BEGIN

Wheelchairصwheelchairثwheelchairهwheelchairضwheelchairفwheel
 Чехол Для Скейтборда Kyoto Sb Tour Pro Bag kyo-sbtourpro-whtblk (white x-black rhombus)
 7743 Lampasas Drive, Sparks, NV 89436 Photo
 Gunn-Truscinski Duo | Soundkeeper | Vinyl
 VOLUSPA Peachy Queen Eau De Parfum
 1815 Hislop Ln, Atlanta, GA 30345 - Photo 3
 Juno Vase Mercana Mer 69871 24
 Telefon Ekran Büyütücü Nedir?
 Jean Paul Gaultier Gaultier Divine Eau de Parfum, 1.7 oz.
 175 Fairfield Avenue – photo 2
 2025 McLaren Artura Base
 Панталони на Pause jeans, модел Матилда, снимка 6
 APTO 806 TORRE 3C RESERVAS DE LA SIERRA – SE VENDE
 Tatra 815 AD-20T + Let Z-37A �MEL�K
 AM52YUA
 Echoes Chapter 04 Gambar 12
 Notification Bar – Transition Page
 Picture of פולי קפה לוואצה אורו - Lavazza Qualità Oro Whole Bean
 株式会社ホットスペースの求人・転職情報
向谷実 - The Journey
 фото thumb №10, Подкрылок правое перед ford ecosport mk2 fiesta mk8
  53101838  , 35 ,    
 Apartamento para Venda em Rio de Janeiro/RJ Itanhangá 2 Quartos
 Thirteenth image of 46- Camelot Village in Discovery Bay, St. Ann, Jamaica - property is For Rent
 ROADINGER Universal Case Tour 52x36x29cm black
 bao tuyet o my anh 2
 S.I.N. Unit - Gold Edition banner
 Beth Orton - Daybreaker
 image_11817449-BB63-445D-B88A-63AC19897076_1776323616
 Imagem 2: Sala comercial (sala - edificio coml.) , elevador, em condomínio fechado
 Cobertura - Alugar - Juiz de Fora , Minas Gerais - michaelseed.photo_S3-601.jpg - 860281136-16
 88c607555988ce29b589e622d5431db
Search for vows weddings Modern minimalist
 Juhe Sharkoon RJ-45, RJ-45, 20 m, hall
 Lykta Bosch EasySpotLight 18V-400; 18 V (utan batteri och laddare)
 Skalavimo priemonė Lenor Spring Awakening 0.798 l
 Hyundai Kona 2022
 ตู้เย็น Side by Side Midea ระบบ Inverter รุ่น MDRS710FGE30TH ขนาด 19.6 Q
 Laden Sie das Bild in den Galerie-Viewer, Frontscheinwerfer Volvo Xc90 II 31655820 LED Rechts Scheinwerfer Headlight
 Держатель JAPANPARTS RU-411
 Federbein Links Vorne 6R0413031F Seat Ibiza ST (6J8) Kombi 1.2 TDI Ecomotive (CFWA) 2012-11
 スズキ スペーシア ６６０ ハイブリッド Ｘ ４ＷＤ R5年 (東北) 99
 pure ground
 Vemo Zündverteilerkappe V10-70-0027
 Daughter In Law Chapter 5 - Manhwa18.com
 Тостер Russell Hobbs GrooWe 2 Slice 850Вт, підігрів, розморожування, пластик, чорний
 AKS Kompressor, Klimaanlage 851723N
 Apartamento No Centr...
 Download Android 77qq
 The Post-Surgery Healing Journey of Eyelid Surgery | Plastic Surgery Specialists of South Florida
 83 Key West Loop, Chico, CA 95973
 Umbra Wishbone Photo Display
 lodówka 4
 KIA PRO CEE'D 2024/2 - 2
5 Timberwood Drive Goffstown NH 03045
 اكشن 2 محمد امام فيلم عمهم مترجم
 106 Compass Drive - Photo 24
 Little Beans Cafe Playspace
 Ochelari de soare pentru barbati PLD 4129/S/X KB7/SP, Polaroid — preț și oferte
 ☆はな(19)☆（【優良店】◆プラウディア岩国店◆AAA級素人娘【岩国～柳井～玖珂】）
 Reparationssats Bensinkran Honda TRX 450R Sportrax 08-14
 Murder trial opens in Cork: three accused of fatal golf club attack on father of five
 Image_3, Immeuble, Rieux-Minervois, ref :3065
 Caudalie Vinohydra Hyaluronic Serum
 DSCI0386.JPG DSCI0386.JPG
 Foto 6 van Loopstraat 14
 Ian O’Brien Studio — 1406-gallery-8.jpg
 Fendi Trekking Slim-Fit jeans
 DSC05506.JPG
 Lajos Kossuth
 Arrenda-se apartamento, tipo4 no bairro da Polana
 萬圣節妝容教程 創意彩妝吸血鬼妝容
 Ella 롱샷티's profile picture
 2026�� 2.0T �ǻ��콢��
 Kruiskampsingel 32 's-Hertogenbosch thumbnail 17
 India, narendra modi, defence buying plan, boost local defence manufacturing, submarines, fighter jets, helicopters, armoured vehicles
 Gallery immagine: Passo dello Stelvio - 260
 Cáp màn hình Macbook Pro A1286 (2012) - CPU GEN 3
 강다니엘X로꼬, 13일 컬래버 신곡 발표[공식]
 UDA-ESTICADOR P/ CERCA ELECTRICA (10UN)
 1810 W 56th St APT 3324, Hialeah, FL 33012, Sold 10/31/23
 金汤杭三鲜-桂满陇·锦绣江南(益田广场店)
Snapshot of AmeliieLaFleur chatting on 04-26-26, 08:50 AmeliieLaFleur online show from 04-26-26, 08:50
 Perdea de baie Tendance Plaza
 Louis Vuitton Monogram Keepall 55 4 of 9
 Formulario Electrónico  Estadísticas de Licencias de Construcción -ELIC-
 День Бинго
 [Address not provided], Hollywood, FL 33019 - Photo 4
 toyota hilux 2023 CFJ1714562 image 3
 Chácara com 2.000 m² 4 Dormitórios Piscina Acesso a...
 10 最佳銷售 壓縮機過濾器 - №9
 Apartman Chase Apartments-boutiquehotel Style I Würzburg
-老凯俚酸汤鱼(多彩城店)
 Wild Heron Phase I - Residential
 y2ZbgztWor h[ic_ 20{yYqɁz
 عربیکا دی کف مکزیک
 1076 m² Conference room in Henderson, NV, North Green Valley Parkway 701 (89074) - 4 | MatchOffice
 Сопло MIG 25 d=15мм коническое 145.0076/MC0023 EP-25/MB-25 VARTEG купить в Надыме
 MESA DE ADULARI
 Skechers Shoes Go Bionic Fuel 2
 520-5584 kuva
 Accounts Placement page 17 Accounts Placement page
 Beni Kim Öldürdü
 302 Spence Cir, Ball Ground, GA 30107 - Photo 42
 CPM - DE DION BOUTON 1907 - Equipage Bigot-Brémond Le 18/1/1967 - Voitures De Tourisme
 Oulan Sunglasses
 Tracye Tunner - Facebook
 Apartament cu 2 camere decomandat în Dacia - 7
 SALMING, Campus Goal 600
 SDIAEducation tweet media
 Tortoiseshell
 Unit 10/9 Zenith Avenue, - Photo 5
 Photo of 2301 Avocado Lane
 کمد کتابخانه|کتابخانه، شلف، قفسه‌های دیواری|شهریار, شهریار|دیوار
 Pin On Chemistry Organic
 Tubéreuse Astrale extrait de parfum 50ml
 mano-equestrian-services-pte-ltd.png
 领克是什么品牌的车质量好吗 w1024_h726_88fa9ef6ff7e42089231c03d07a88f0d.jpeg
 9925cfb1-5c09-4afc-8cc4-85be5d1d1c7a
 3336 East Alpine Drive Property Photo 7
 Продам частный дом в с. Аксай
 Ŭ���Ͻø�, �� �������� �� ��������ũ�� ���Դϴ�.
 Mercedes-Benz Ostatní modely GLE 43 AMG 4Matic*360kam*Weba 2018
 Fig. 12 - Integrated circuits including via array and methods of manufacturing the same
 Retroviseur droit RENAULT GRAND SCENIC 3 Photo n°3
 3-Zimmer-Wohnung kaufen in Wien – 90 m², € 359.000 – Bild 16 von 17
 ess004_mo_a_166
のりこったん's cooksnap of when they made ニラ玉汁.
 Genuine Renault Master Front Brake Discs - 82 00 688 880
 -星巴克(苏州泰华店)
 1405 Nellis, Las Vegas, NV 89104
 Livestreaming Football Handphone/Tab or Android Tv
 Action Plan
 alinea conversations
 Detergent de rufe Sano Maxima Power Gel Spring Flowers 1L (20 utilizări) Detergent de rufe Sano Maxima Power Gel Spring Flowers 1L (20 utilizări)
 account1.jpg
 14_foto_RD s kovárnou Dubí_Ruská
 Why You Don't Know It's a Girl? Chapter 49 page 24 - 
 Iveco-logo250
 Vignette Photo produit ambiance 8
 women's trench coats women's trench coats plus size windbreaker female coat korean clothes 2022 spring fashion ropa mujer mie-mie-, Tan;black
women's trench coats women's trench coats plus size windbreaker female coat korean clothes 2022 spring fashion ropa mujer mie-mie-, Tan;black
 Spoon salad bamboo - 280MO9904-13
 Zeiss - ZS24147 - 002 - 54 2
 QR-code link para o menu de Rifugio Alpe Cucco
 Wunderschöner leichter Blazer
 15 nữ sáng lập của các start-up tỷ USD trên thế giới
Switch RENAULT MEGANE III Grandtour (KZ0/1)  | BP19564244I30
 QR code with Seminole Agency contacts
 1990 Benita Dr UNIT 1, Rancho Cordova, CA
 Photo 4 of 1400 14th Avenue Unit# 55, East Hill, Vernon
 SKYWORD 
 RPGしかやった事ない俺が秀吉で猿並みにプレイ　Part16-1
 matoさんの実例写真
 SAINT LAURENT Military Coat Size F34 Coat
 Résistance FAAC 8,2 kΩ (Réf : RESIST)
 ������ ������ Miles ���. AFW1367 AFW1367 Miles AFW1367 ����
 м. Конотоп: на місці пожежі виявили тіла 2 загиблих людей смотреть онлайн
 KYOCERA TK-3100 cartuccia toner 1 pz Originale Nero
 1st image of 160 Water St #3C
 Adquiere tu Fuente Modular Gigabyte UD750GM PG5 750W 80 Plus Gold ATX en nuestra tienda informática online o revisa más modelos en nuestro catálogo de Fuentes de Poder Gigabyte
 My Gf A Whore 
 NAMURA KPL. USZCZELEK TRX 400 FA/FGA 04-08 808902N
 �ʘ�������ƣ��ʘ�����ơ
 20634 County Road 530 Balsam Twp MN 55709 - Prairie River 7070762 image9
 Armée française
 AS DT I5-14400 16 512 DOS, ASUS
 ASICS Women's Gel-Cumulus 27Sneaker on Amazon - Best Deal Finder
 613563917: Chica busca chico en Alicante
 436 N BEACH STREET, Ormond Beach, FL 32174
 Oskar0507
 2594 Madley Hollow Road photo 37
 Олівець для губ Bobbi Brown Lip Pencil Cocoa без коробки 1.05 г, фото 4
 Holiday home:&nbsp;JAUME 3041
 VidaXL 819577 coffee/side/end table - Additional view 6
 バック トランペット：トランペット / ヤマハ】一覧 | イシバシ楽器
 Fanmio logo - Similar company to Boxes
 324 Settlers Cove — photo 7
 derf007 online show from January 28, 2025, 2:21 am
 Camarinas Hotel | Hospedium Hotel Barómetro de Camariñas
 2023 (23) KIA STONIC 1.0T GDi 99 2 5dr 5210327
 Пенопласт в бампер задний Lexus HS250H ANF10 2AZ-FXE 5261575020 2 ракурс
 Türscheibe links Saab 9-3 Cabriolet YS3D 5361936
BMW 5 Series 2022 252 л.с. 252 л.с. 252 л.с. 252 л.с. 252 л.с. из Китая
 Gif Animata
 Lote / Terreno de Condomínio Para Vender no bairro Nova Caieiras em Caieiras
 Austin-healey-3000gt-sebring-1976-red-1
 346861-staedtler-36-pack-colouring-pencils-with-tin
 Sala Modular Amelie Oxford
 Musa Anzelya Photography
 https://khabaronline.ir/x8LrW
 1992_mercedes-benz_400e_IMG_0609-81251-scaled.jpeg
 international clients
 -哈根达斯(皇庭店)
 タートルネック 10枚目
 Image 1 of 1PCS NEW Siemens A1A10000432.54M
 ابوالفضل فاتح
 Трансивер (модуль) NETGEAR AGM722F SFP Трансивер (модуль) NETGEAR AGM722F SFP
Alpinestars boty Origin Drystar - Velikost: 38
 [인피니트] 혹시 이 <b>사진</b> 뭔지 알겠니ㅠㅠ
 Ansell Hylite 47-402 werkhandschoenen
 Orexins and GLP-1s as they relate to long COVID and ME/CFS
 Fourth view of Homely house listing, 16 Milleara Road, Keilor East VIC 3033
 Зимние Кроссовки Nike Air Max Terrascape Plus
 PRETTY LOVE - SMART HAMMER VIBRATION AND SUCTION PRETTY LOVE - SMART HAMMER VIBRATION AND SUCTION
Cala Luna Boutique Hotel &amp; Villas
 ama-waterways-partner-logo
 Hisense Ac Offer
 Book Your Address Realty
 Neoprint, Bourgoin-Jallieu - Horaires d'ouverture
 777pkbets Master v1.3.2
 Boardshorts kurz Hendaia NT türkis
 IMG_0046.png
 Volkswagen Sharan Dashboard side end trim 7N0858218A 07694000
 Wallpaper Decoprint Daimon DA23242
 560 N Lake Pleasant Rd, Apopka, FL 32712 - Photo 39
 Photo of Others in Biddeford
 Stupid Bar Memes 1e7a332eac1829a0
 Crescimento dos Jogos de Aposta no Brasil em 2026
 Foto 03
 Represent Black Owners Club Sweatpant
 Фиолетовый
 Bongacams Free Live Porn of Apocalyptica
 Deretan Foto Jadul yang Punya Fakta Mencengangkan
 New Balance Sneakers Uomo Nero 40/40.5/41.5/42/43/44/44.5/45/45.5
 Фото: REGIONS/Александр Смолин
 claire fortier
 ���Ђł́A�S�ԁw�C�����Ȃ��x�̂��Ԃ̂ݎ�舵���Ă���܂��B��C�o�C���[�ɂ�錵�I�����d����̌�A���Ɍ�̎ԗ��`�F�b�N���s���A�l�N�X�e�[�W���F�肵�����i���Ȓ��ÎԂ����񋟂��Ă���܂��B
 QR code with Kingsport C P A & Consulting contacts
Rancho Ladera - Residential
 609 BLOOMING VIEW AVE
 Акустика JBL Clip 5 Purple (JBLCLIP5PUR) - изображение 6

END

Work task: After locating the line with "Telefon Ekran Büyütücü Nedir?" in the material above, return it and each line after it exactly, ending at the line with "Notification Bar – Transition Page".

Task solution:
 Telefon Ekran Büyütücü Nedir?
 Jean Paul Gaultier Gaultier Divine Eau de Parfum, 1.7 oz.
 175 Fairfield Avenue – photo 2
 2025 McLaren Artura Base
 Панталони на Pause jeans, модел Матилда, снимка 6
 APTO 806 TORRE 3C RESERVAS DE LA SIERRA – SE VENDE
 Tatra 815 AD-20T + Let Z-37A �MEL�K
 AM52YUA
 Echoes Chapter 04 Gambar 12
 Notification Bar – Transition Page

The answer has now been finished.